Two Everton fans observed in a parking lot trying to unlock the door of a Mercedes with a coat hanger.
One Everton fan said: “I can’t seem to get this door unlocked!”
The other fan said: “Well, you’d better hurry up and try harder, its starting to rain and the top is down!”


Newsflash: Thieves broke into the home of a Liverpool fan and stole two books. "The thing that upsets me", he said "is that I hadn't finished colouring them in yet!"

And Rangers have just completed their old First World War trick - back home from Europe before Christmas....

mikelpo
08-13-2011, 02:56 AM
]

you could not be safer at a "soccer" game nowadays. its a family game, bring a jester hat, eat a hotdog and boo your own team for not entertaining.
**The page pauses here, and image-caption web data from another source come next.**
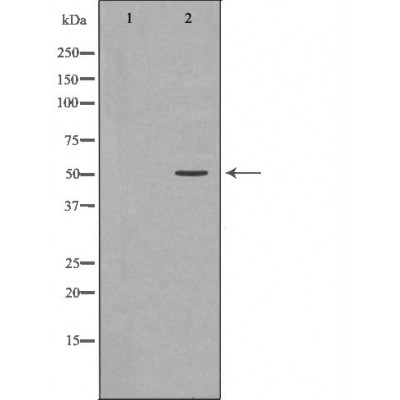 HNRNPK Antibody - Western blot analysis of extracts from HeLa, using HNRNPK antibody.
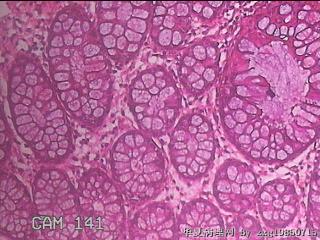 直乙结肠粘膜图29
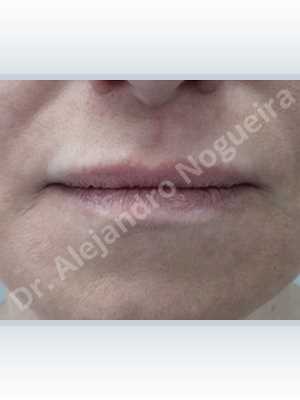 Labios pequeños,Relleno con colágeno dérmico autólogo de labio inferior,Relleno con colágeno dérmico autólogo de labio superior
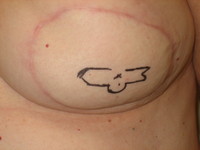 Before (Pre-Op Design)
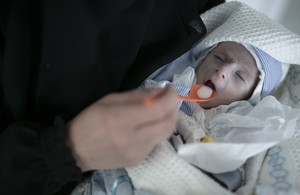 A baby suffering from malnutrition is fed by his mother in a hospital in Sana’a, Yemen. Picture: UNICEF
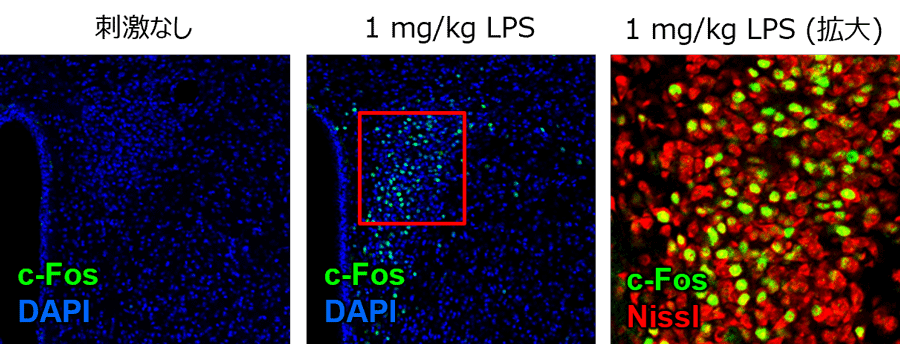 [免疫組織染色]リポポリサッカリド (LPS) 投与によるc-Fos発現の比較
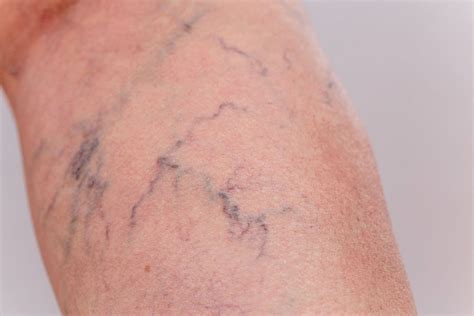 Infografika zobrazujúca princíp účinku heparínu a heparinoidov na kŕčové žily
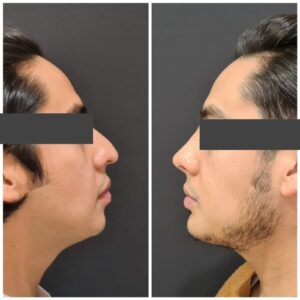 Rinoplastia resultados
I would love to take you to see the redmen sammi hopefully the king will do us proud this season

russtafa
08-13-2011, 03:17 AM
english football is a cross between a rock concert and a sporting event

mikelpo
08-13-2011, 03:23 AM
The prems the best league in the world hands down. Can't fucking wait for tomorrow!

russtafa
08-13-2011, 03:45 AM
my brother was part of the inner city firm or something like that

robertlouis
08-13-2011, 05:29 AM
my brother was part of the inner city firm or something like that


Probably the Inter-City Firm, Russ. West Ham fans who used to pre-arrange fights with fans of rival clubs in the 70s. So-called because they used the Inter-City rail network to get to the games.

These days violence at or around a football match is very rare - whether there will be an upsurge following the riots remains to be seen. Personally I doubt it.